According to American Addiction Centers, over 2 million Americans struggle with addiction to prescription pain medicines each year. This statistic is alarming for society as a whole, but it may also give you reason to take pause on a personal level. If you’re facing an upcoming surgery or battling a recent injury, you could be one of the millions of Americans who will get a prescription for painkillers this year. If so, you may find yourself wondering if these pills will be a blessing or a curse. You may even wonder if you should take them at all. In most cases, the answer to this question is yes. Painkillers are an important medical tool, and many people take them without suffering an addiction. The key to avoiding addiction is to follow some important guidelines.
Don’t Skip Pills
If you’re concerned about developing an addiction to pain pills, it would seem logical to take as little of the drug as possible. As such, many people skip doses or wait until the pain gets intense before taking a pain pill. This approach often backfires, however. Pain gets harder to control as it gets increasingly intense. If you wait too long to take your medication, you may need more of it and be tempted to take a double dose. This behavior is understandable but risky. Self-medicating rather than following your doctor’s orders can be the first step on addiction’s path, so take your medication as prescribed. If your doctor tells you to take a pain pill every six hours, do so rather than skipping doses. This will keep you ahead of post-surgical pain and other temporary discomfort.
Don’t Take More
Just as skipping a dose of painkillers can backfire, so does taking too much medication. It’s tempting to reach for your pain medication a little early when you’re having a tough bout of pain. If your doctor has instructed you to take your medication every four hours, you may find yourself reaching for your pills in three, figuring it’s close enough. It’s not. As you continue to take painkillers, your body develops a tolerance for the medication. The more you take, the more you need. Over time, your body may become so used to functioning with the medication that it may struggle without it. Eventually, you’ll find yourself in more pain as your body essentially forgets how to handle even small amounts of pain without the medication. Avoid this problem by taking only the amount of medication your doctor has authorized. If it’s not enough to control your pain, talk to your doctor.
Don’t Keep Old Medicine
Unless you’re managing a chronic condition, your body will heal in a few weeks and you’ll no longer need your pain medication. When that happens, get rid of any leftover medicine you have. Take your pills to your local police station or pharmacy where they can be destroyed. Don’t just tuck your prescription bottle in the medicine cabinet and forget about it. If you do, you may be tempted to take some of your painkillers for another problem later, such as a headache or a backache. You may even tempt someone else. Many people who become addicted to painkillers steal them from friends and family members. Take your medication when you need it, but don’t keep it around the house when you don’t.
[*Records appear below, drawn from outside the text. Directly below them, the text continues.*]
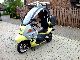 BMW  C1 Scooter 125 2002 Scooter photo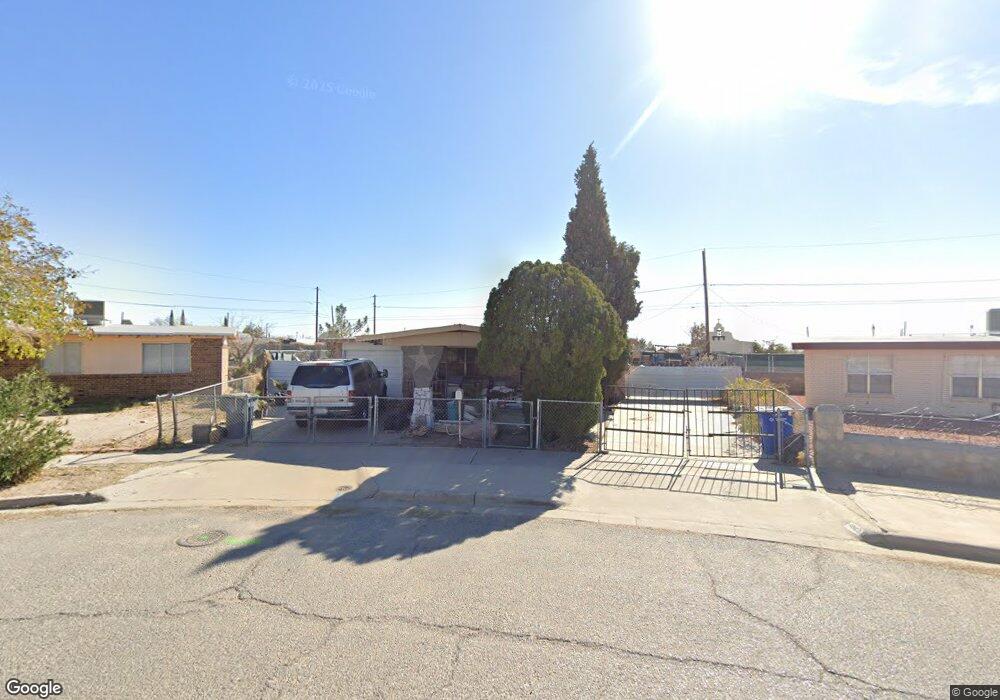 8062 Disney Dr, El Paso, TX 79907 - photo 1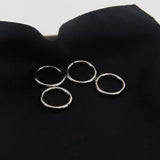 12mm O Rings Wire Loops Purse Handbag Bag Making Hardware Supplies Leathercraft Tool Craft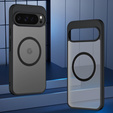 Case for Google Pixel 9 Pro XL, Fusion Hybrid, for MagSafe, black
Addiction to painkillers is a common problem, but it’s one you can help yourself avoid by taking your medicine exactly as prescribed and keeping in close contact with your doctor. You can also help yourself by monitoring your behavior closely. Thinking about your painkillers often, running out sooner than you should and finding yourself seeing a few different doctors to keep your pain pill supply steady are all signs you may have a problem. If you find yourself doing these things or being secretive about how many pain pills you’re taking, talk to your doctor. He can help you manage your medicine so that it doesn’t manage you.